Death Dust focuses on the largely unknown history of the development and demise of state-level radiological weapons (RWs)—sometimes portrayed as a "poor man's nuclear weapon." It does so by means of a comparative case study analysis of the pursuit of RWs in the United States, the Soviet Union, the United Kingdom, Egypt, and Iraq. This introductory chapter outlines the methodology employed in this volume, the sources of which it makes use, and the research questions it asks and answers. It also previews the major findings the authors derive relating to the circumstances that might encourage additional states to pursue RWs and how the proliferation of such weapons would impact nuclear deterrence and the international nuclear nonproliferation regime.

1The United States
chapter abstract

This chapter traces the evolution of the U.S. radiological weapons program and the factors that drove or inhibited it at different phases. In so doing, it highlights the unusual parallelism in time and substance between the emergence of RWs in science fiction and U.S. governmental interest in this capability. It shows that, while scientific-technocratic advocates of RW were able to persuade key military-technical stakeholders to implement a U.S. RW program, they were unsuccessful in securing broader support for the new weapons technology across government. It also finds evidence that RW advocates neglected to exploit external threats to justify the adoption of these weapons in part because of faulty intelligence about the state of the Soviet RW program. These shortcomings resulted in the RW program losing out in the competition for financial resources to chemical and nuclear weapons.

2The Soviet Union
chapter abstract

This chapter examines the Soviet experience with radiological weapons. It finds that, unbeknownst to U.S. intelligence, the USSR's active pursuit of an RW capability lasted for approximately a decade beginning in 1947. Drawing extensively on Russian-language sources, it identifies perceived foreign threats—including information pointing to the U.S. pursuit of radiological weapons—as a prime motivator behind Soviet efforts in this area. Ultimately, however, the sunsetting of the U.S. RW program, the departure of key RW advocates, competition from chemical and nuclear weapons, bureaucratic barriers to weapons innovation within the Soviet military industrial complex, and, to a lesser extent, health and safety considerations all contributed to the gradual demise of the Soviet RW program—though not before prototype radiological weapons were tested.

3The United Kingdom
chapter abstract

In contrast with the United States and Soviet Union, there is little evidence the United Kingdom seriously contemplated the pursuit of a radiological weapon during World War II. Still, as this chapter finds, a small number of military officials and scientists in that country were aware of the potential military implications of RWs and did not rule out the possibility that Nazi Germany might use radioactive fission products for both offensive and defensive purposes.
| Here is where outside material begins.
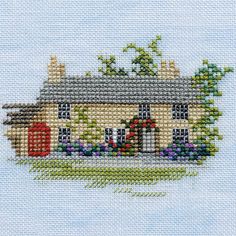 a cross stitch house with flowers on the front and side, in blue sky background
This chapter examines the modest British exploration of radiological weapons that resulted and the forces that both drove and constrained it over time. Although a few individual advocates did play an oversized role in promoting RW, even these promoters acknowledged the shortcomings of RW when compared to chemical weapons and nuclear weapons. By 1952, the UK's interest in these weapons had all but ended.

4Egypt
chapter abstract

This chapter examines Egypt's rudimentary and short-lived radiological weapons program. It demonstrates that although much of the evidence of these efforts remains circumstantial, resting to a large degree on Israeli claims and the testimony of Otto Joklik—an enigmatic, self-proclaimed arms merchant, former German army officer, and likely Israeli intelligence asset—there is no doubt that Gamal Abdel Nasser's Egypt sought to develop nonconventional weapons and means for their delivery. This chapter finds that the Egyptian RW program was almost entirely dependent on foreign assistance, was conceived of primarily for purposes of countering a regional adversary's military applications of nuclear energy, appears to have developed as a "special project" driven by an individual technological "entrepreneur," and was abandoned for reasons unrelated to progress in the pursuit of a nuclear weapon.

5Iraq
chapter abstract

The chapter analyzes the heretofore untold story of Iraq's efforts to develop and test RW. It probes the factors behind this quest, including its relationship to the Iran-Iraq war and perceived Iraqi military requirements, the role played by individual advocates in advancing it, the influence of bureaucratic-institutional factors—including the unusually welcoming environment for scientific entrepreneurs to pursue novel weapons programs—and the technical and political impediments that ultimately led to its demise. In so doing, it highlights important similarities and differences between the Iraqi program and the corresponding U.S., Soviet, British, and Egyptian programs. Its focus on a non-nuclear weapon state also is important for the lessons it offers to future would-be RW proliferators about the obstacles they are likely to confront should they embark on a RW program.

Conclusion: Patterns across Cases and Prospects for the Future
chapter abstract

The final chapter in this book highlights similarities and differences across the five state-level radiological weapons programs on which it focuses. By means of a comparative case study analysis, it points to more general explanations for the rise, evolution, and demise of weapons innovation involving RWs. It also explores what future circumstances might encourage additional states to pursue RWs, how the proliferation of such weapons would impact nuclear deterrence and the international nuclear nonproliferation regime, and practical steps that might usefully be taken by members of the international community to reduce the likelihood that there will be a resurgence of interest in and pursuit of radiological weapons. This discussion takes on special importance in light of the Russian invasion of Ukraine in 2022 and the need to reexamine a number of prevailing assumptions about the utility of nuclear weapons and the operation of nuclear deterrence.